Description:
The optimizer appears to choose a much slower join order, even though an equivalent JOIN_PREFIX/JOIN_ORDER plan has a lower estimated cost and is thousands of times faster.
The query joins three tables:
t2 STRAIGHT_JOIN t1 ON t2.c1 = t1.c1
INNER JOIN t0 ON t1.c0 = t0.c4
WHERE t1.c4 < -1796620509
After ANALYZE TABLE, the default plan first builds a large disconnected intermediate result between t2 and t0:
Inner hash join (no condition)
t2 index scan
t0 table scan
This produces about 6.26 million rows. The plan then performs an index lookup on t1 for each row of this intermediate result:
Index lookup on t1 using i2 (c0 = t0.c4)
loops = 6.26e+6
The query returns no rows. However, the default plan only discovers this after millions of failed t1 index lookups.
With JOIN_PREFIX(t2,t1,t0), JOIN_ORDER(t2,t1,t0), or JOIN_FIXED_ORDER(), MySQL applies the selective t1 predicate first:
Filter: (t1.c4 < -1796620509)
Table scan on t1
This immediately produces zero rows, so the remaining join work is avoided.
On my machine, EXPLAIN ANALYZE is stable across repeated runs:
Default plan:
7726 ms
7689 ms
7670 ms
JOIN_PREFIX(t2,t1,t0):
2.67 ms
2.69 ms
2.63 ms
JOIN_ORDER(t2,t1,t0):
2.62 ms
JOIN_FIXED_ORDER():
2.69 ms
The default plan has a reported estimated cost of about 2.82e+6, while the JOIN_PREFIX plan has a lower reported estimated cost of about 1.86e+6. Therefore, the hinted plan is not only much faster in runtime, but also lower in MySQL's own reported cost.
This looks like a missed selective-table-first join order under a STRAIGHT_JOIN constraint. The issue is not that hash join without a condition is always wrong; the issue is that the chosen join order creates a large disconnected intermediate before applying a highly selective predicate on t1, while an equivalent lower-cost join order avoids the unnecessary work.
How to repeat:
1. Save the attached SQL file as:
mysql_straight_join_selective_filter_repro.sql
2. Run it with comments enabled, so that optimizer hints are preserved:
mysql -h 127.0.0.1 -P 3306 -u root --comments --table \
< mysql_straight_join_selective_filter_repro.sql \
> mysql_straight_join_selective_filter_repro_result.txt 2>&1
3. The script creates a database named:
mysql_join_prefix_selective_filter_repro
It creates three InnoDB tables t0, t1, and t2, creates indexes, loads scaled synthetic data, runs ANALYZE TABLE, and then compares:
CASE A: default plan
CASE B: JOIN_PREFIX(t2,t1,t0)
CONTROL C: JOIN_ORDER(t2,t1,t0)
CONTROL D: JOIN_FIXED_ORDER()
4. Observe the default EXPLAIN FORMAT=TREE output. It contains a large disconnected intermediate:
-> Nested loop inner join
-> Inner hash join (no condition)
-> Covering index scan on t2 using i5
-> Hash
-> Filter: (t0.c4 is not null)
-> Table scan on t0
-> Filter: ((t1.c1 = t2.c1) and (t1.c4 < -1796620509))

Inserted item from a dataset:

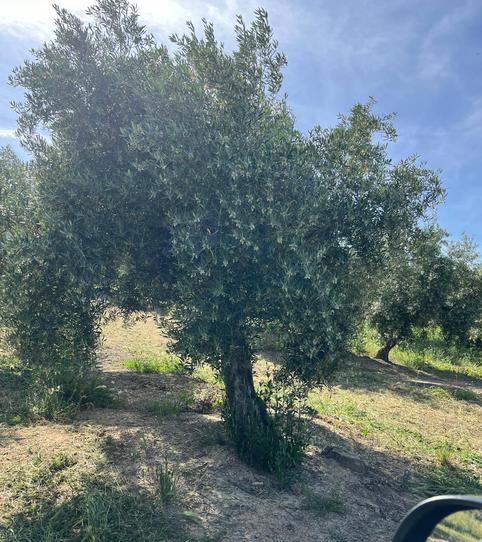 Foto 2 de Terreny en venda a Fuente-Tójar, Córdoba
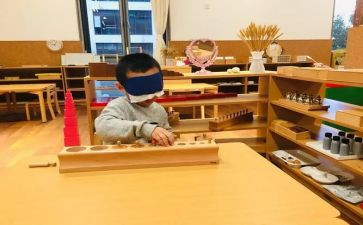 暑假蒙氏工作总结模板6篇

-> Index lookup on t1 using i2 (c0 = t0.c4)
5. Observe the default EXPLAIN ANALYZE output. It performs about 6.26 million t1 index lookups:
-> Inner hash join (no condition)
actual rows=6.26e+6
-> Index lookup on t1 using i2 (c0 = t0.c4)
actual rows=0 loops=6.26e+6
The default runtime is about 7.7 seconds on my machine.
6. Observe the JOIN_PREFIX(t2,t1,t0) EXPLAIN ANALYZE output. It applies the t1 predicate first:
-> Filter: (t1.c4 < -1796620509)
-> Table scan on t1
This produces zero rows, and the t0 scan is never executed. Runtime is about 2.6 ms on my machine.
7. The same fast plan shape is also obtained with JOIN_ORDER(t2,t1,t0) and JOIN_FIXED_ORDER(), which suggests that the problem is caused by the default join order rather than by a specific JOIN_PREFIX implementation.
Suggested fix:
Consider improving join order enumeration/costing for mixed STRAIGHT_JOIN and INNER JOIN queries so that selective predicates on later tables are considered before choosing a plan that creates a large disconnected intermediate result.
In this case, the optimizer should avoid choosing a t2 × t0 intermediate followed by millions of t1 index lookups when an equivalent join order that applies the selective t1 predicate first has both lower estimated cost and much lower runtime.
More generally, the optimizer could penalize disconnected intermediates when they delay highly selective single-table predicates, or ensure that lower-cost join orders such as the JOIN_PREFIX/JOIN_ORDER plan are not pruned from the search space.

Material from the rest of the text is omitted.